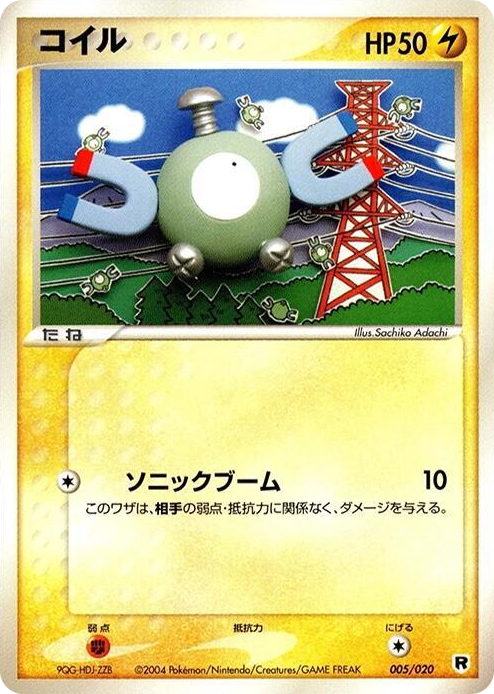 0005 Magnemite None Silver Deck Kit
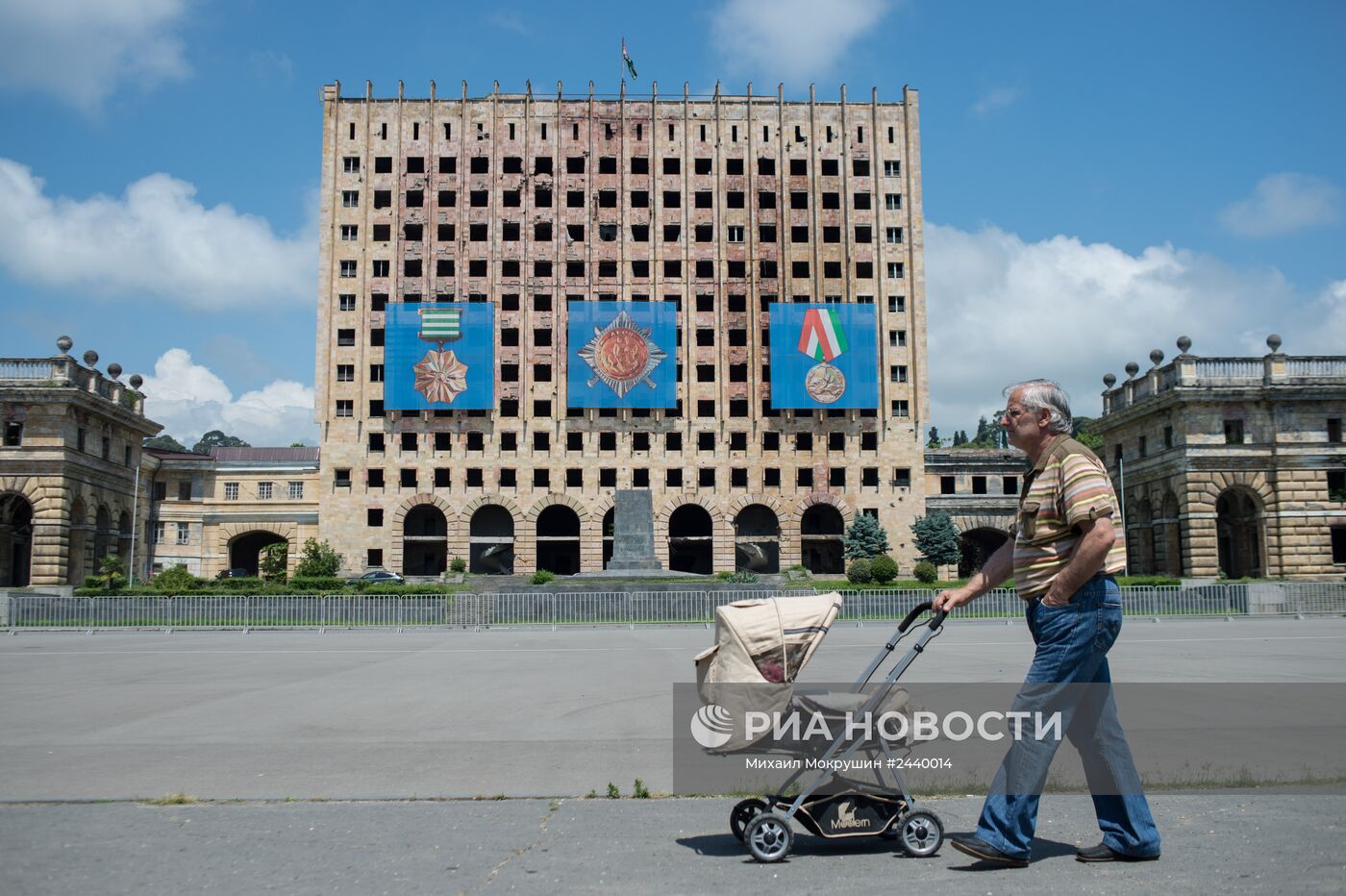 Города мира. Сухум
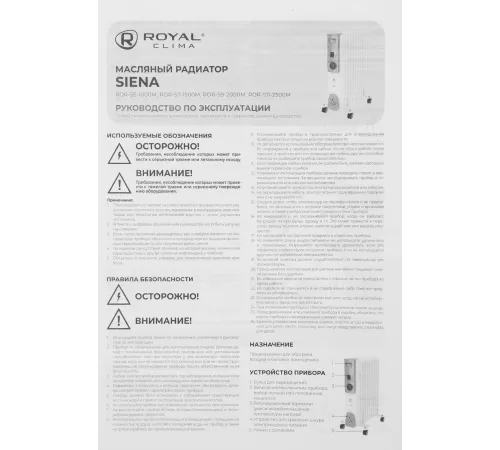 Радиатор масляный Royal Clima Siena ROR-S5-1000M 1000Вт белый/серый Радиатор масляный Royal Clima Siena ROR-S5-1000M 1000Вт белый/серый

- **PROBLEM REQUIREMENTS**
Would it be possible to reproduce the material word for word, images omitted?

- **RESULT**
 0005 Magnemite None Silver Deck Kit
 Города мира. Сухум
 Радиатор масляный Royal Clima Siena ROR-S5-1000M 1000Вт белый/серый Радиатор масляный Royal Clima Siena ROR-S5-1000M 1000Вт белый/серый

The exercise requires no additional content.